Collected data
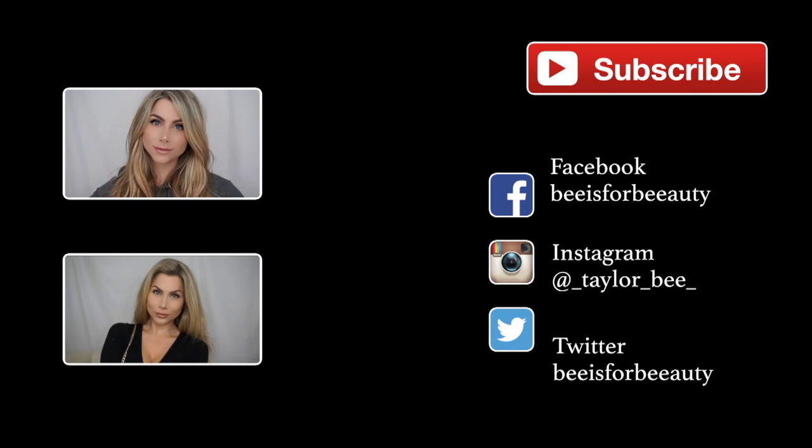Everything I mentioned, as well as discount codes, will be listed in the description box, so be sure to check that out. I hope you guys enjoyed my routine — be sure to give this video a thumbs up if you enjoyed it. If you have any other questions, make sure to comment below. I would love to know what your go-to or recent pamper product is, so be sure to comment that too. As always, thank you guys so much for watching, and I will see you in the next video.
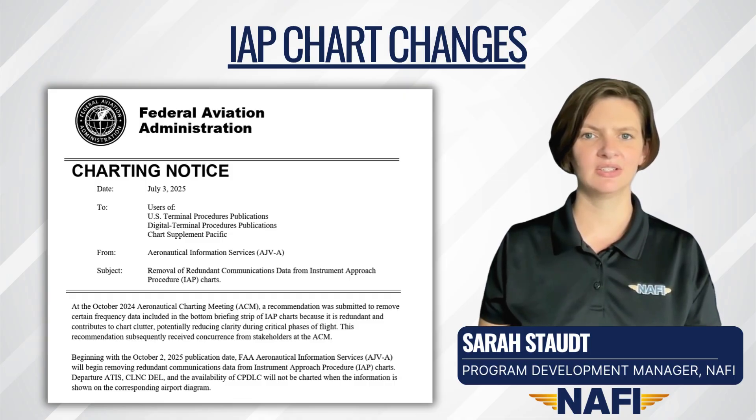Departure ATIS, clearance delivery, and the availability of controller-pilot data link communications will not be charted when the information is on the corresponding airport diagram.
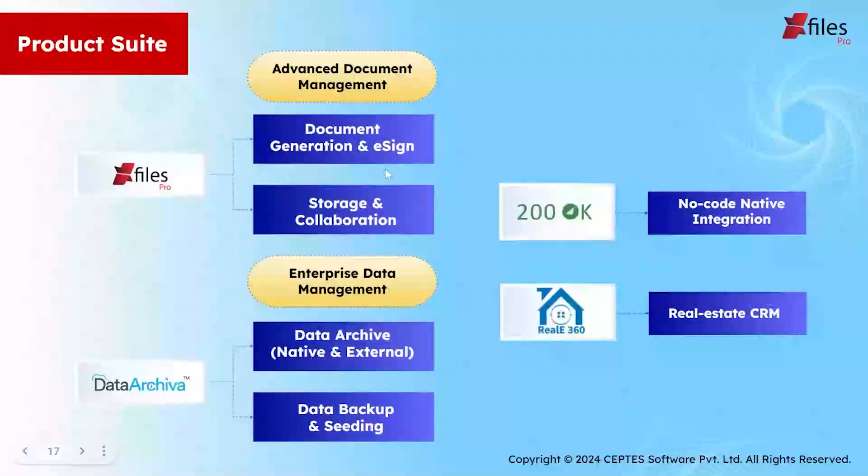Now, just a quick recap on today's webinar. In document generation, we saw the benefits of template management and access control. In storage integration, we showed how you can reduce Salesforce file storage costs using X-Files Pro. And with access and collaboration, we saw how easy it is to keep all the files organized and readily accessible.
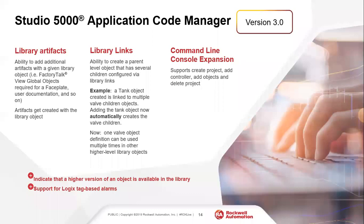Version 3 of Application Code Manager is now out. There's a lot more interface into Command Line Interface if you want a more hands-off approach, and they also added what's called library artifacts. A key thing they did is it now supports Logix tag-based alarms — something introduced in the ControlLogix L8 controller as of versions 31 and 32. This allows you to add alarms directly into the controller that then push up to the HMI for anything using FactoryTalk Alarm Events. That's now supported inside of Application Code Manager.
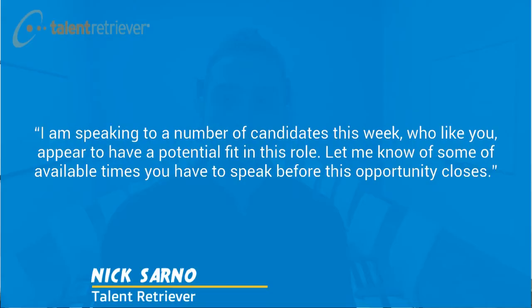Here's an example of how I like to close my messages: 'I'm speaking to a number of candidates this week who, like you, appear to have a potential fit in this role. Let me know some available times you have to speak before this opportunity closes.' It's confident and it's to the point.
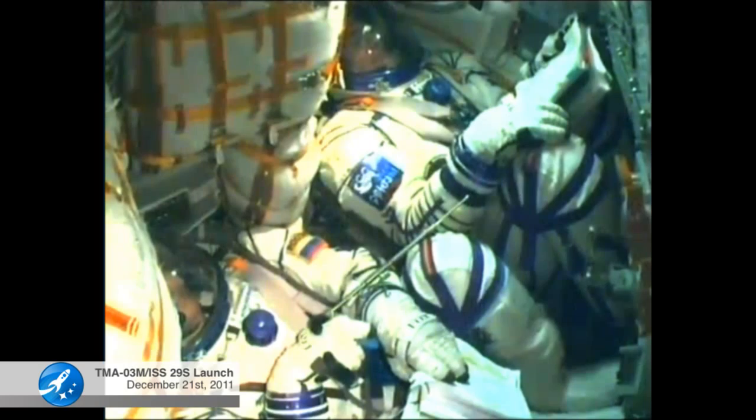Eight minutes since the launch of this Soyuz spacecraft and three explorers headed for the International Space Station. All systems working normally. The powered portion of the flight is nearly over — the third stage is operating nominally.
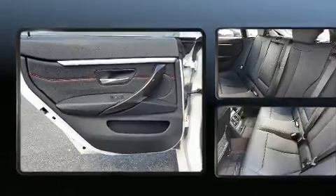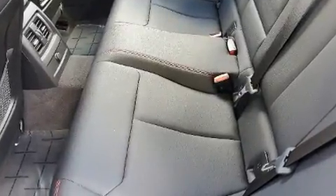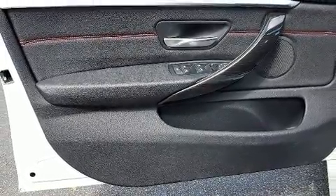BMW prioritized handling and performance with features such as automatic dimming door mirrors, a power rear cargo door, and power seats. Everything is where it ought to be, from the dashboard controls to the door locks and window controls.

_TASK OBJECTIVE_: All lines from the one that contains "Eight minutes since" through the last line of the data should be retyped exactly, with the pictures left out.

_RESULT OF THE EXERCISE_:
Eight minutes since the launch of this Soyuz spacecraft and three explorers headed for the International Space Station. All systems working normally. The powered portion of the flight is nearly over — the third stage is operating nominally.
BMW prioritized handling and performance with features such as automatic dimming door mirrors, a power rear cargo door, and power seats. Everything is where it ought to be, from the dashboard controls to the door locks and window controls.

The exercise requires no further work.